Participant characteristics
| Variable | All non-diabetic individuals, n or mean (SD) | Diabetic individuals, n or mean (SD) | Non-diabetic individuals with body scans, n or mean (SD) |
|---|---|---|---|
| Sex (n = M/F) | 1391/2494 | 609/429 | 516/1690 |
| Age (years) | 52.6 (9.5) | 53.8 (7.3) | 52.2 (10.3) |
| Height (m) | 1.68 (0.09) | 1.71 (0.10) | 1.67 (0.09) |
| Weight (kg) | 73.2 (13.5) | 88.4 (14.7) | 71.8 (13.5) |
| Body mass index (kg/m2) | 25.7 (4.0) | 30.4 (4.7) | 25.6 (4.1) |
| Total adipose mass (kg) | – | – | 25.1 (9.2) |
| Abdominal adipose mass (kg) | – | – | 1.52 (0.54) |
| Gynoid adipose mass (kg) | – | – | 2.53 (0.83) |
| Total lean mass (kg) | – | – | 44.2 (9.9) |
Genotype associations with measures of body composition and adipose distribution (continuous trait models)

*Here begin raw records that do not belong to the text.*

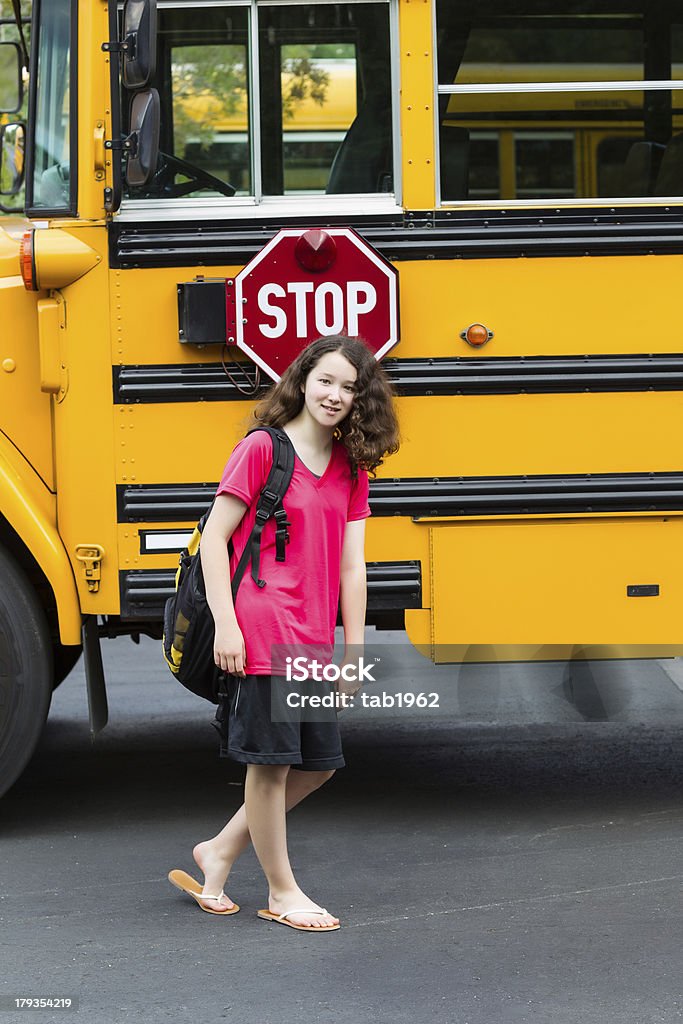 Young Girl Student back in Grade School Vertical photo of young girl standing by side of school bus, with back pack over her shoulders, wearing sandals while looking forward Adolescence Stock Photo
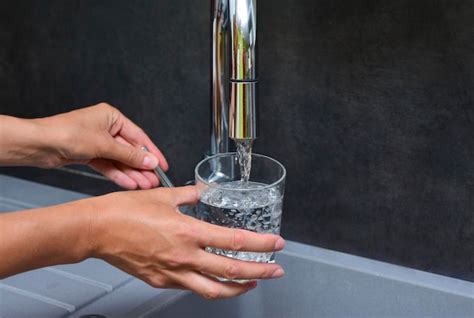 Premium Photo A Woman39s Hand Pours Water Into A Glass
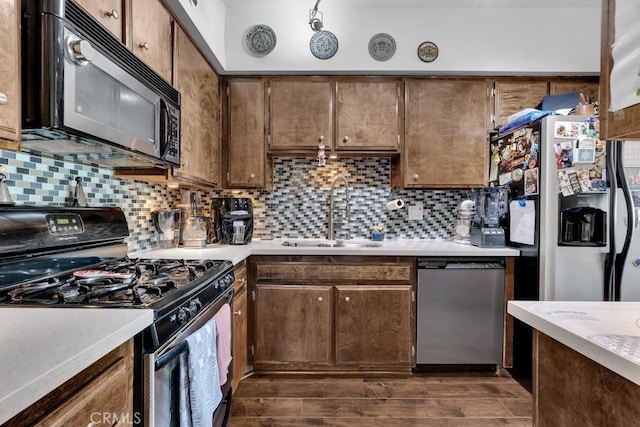 6323 Reseda Blvd Unit 13, Tarzana, CA 91335 - kitchen featuring appliances with stainless steel finishes, light countertops, backsplash, and dark wood finished floors
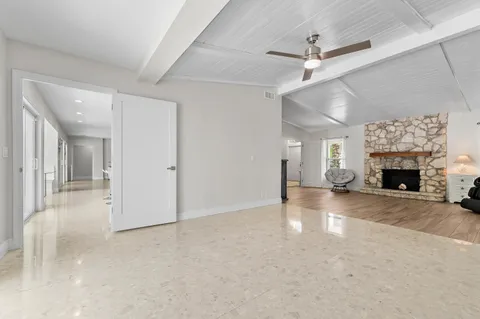 a view of a swimming pool with a patio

Table 2 summarizes the adjusted mean level of BMI for each SNP. Six of the nine variants were statistically associated with BMI, with one additional SNP approaching statistical significance. The SNP most strongly associated with BMI localized to the FTO gene (rs1121980) (P < 0.0001). The MC4R rs17782313 SNP statistically interacted with sex (P = 0.02), whereby the minor allele was associated with higher BMI in women (β = 0.41 kg/m2 per copy of the minor allele; P = 0.0034), but no effect was observed in men (β = − 0.03 kg/m2 per copy of the minor allele; P = 0.83). Similar interaction effects were observed for total (P = 0.024) and abdominal (P = 0.046) adipose mass.
Table 2.
Adjusted mean body mass index (BMI) for nine purported obesity-risk variants in non-diabetic individuals (n = 3885)
| Nearest gene | SNP | Risk allele (frequency) | Adjusted means (95% CI) by genotype |
P-value | ||
|---|---|---|---|---|---|---|
| MM | Mm | mm | ||||
| FTO | rs1121980 | A (0.42) | 25.3 (25.1–25.6) | 25.8 (25.6–26.0) | 26.1 (25.8–26.4) | <0.0001 |
| SH2B1 | rs7498665 | C (0.40) | 26.0 (25.7–26.3) | 25.8 (25.6–26.0) | 25.4 (25.2–25.6) | 0.0006 |
| MTCH2 | rs4752856 | T (0.37) | 25.5 (25.3–25.7) | 25.8 (25.6–26.0) | 25.9 (25.5–26.2) | 0.025 |
| MC4R | rs17782313 | C (0.26) | 25.6 (25.4–25.7) | 25.8 (25.6–26.0) | 26.2 (25.7–26.6) | 0.013 |
| NEGR1 | rs2815752 | A (0.58) | 25.5 (25.2–25.8) | 25.6 (25.4–25.8) | 25.9 (25.7–26.1) | 0.023 |
| GNPDA2 | rs10938397 | G (0.37) | 25.6 (25.4–25.8) | 25.7 (25.5–25.9) | 26.0 (25.7–26.4) | 0.068 |
| TMEM18 | rs6548238 | A (0.82) | 25.8 (25.6–25.9) | 25.6 (25.3–25.8) | 25.2 (24.5–25.8) | 0.049 |
| KCTD15 | rs11084753 | G (0.63) | 25.7 (25.5–25.9) | 25.7 (25.5–25.9) | 25.6 (25.2–25.9) | 0.472 |
| PCSK1 | rs6235 | C (0.30) | 25.7 (25.5–25.9) | 25.7 (25.5–25.9) | 25.8 (25.4–26.3) | 0.588 |
M = major allele; m = minor allele; SNP = single nucleotide polymorphism. Means are adjusted for age and sex. P-values are from linear models assuming an additive mode of genetic inheritance.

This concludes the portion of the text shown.